[Task statement]
When you reach the line containing "Cabane du Mönchsjoch" in the data below, begin returning lines exactly as written, and stop once the line containing "4615 Fitzwater Dr — Photo 4" has been returned.

[Material provided]
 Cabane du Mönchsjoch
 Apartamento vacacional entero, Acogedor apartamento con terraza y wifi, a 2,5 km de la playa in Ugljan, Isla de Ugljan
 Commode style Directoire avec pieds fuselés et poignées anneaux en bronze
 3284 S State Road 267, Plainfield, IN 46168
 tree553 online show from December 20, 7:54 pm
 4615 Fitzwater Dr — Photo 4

---

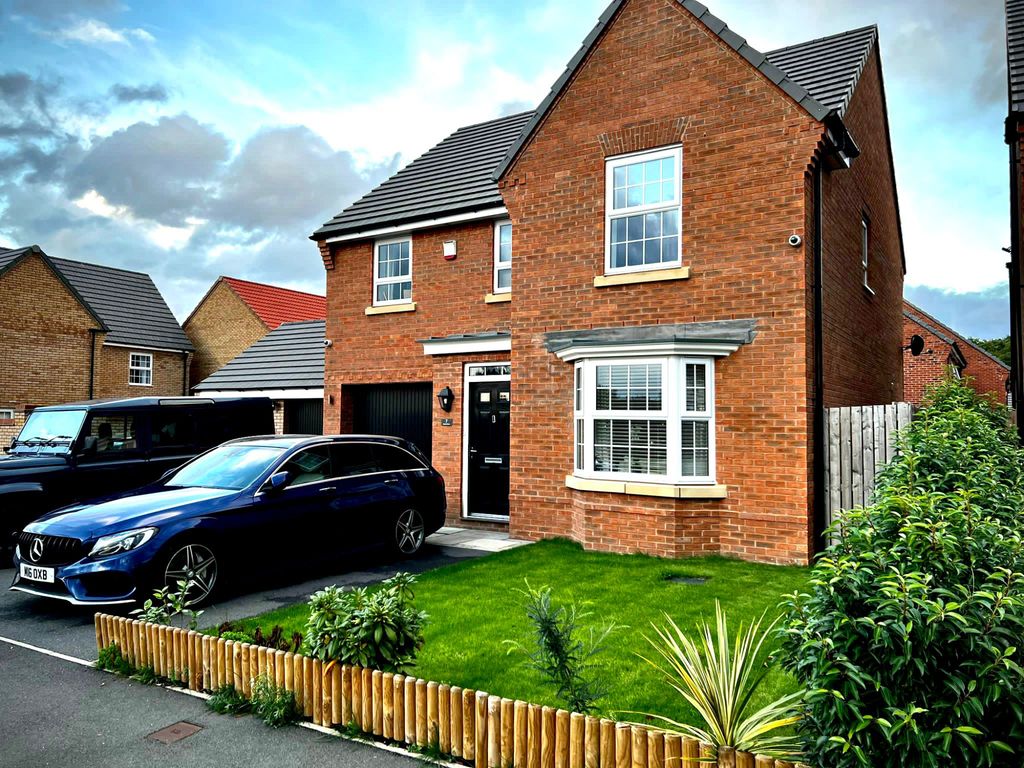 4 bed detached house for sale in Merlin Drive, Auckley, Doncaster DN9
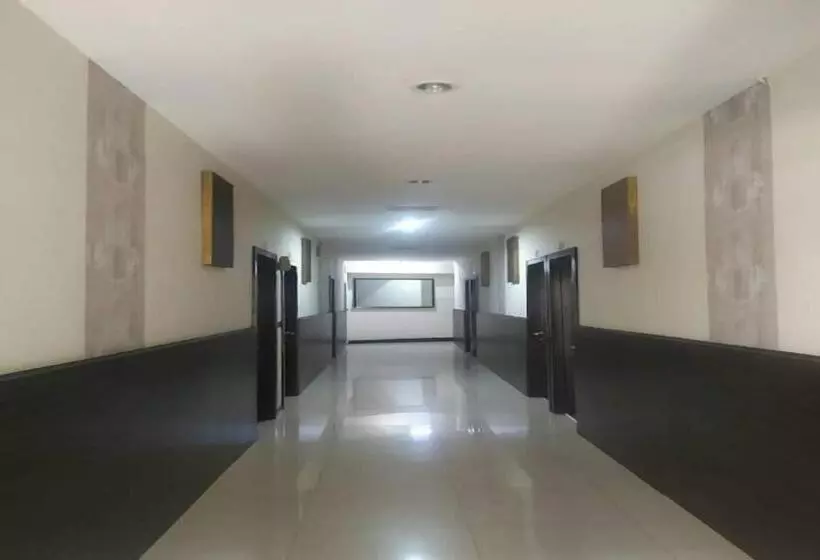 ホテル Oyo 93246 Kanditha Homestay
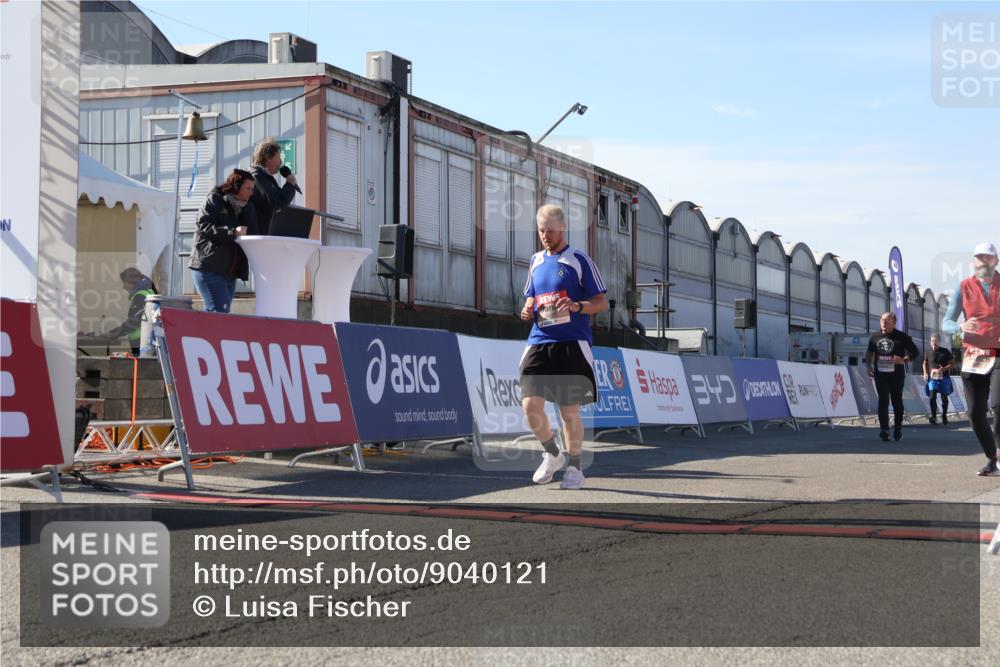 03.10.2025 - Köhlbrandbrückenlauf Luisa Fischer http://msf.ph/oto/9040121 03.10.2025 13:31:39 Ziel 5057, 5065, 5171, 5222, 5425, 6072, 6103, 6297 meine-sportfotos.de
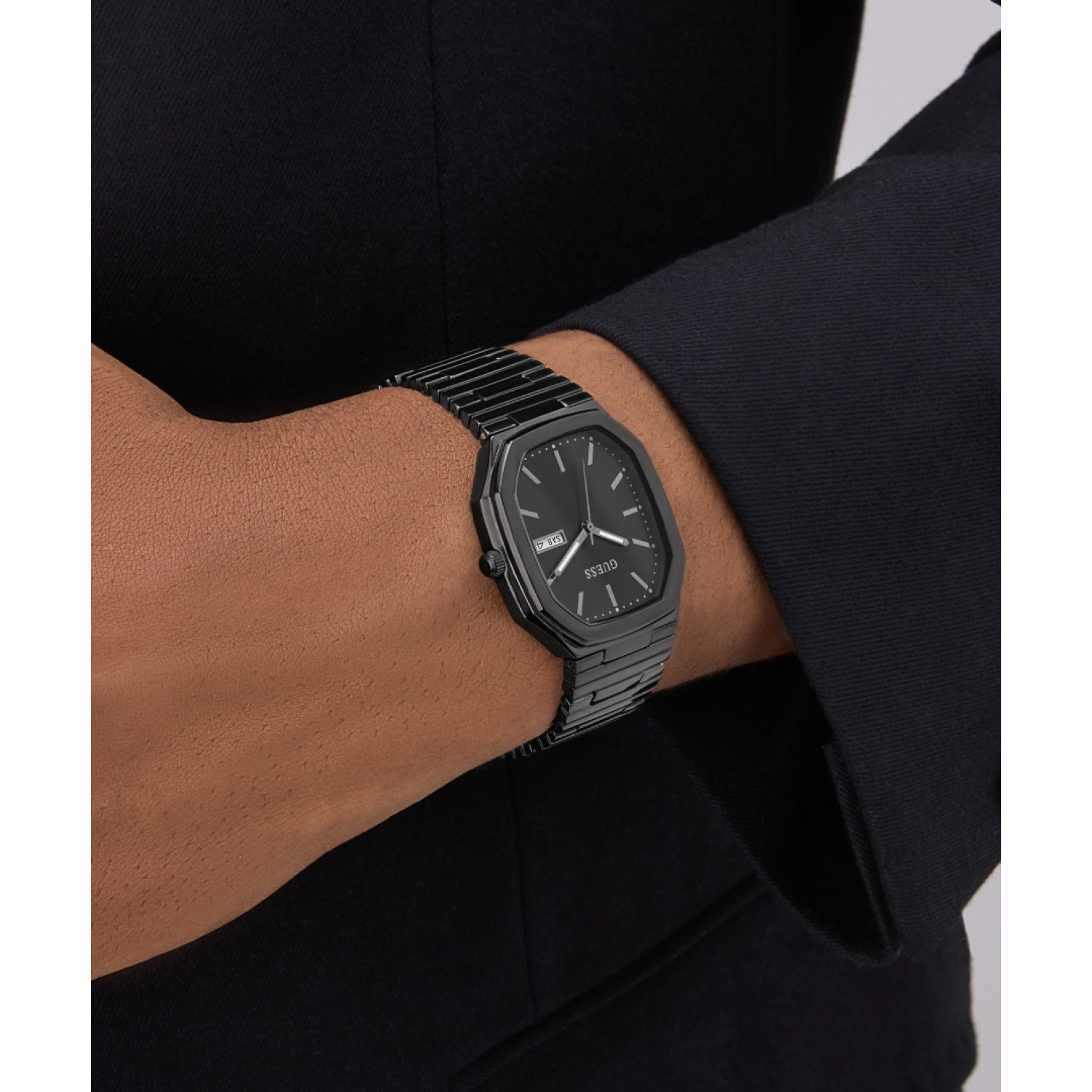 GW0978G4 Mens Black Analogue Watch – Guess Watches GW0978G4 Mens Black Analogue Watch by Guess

[Your solution]
 Cabane du Mönchsjoch
 Apartamento vacacional entero, Acogedor apartamento con terraza y wifi, a 2,5 km de la playa in Ugljan, Isla de Ugljan
 Commode style Directoire avec pieds fuselés et poignées anneaux en bronze
 3284 S State Road 267, Plainfield, IN 46168
 tree553 online show from December 20, 7:54 pm
 4615 Fitzwater Dr — Photo 4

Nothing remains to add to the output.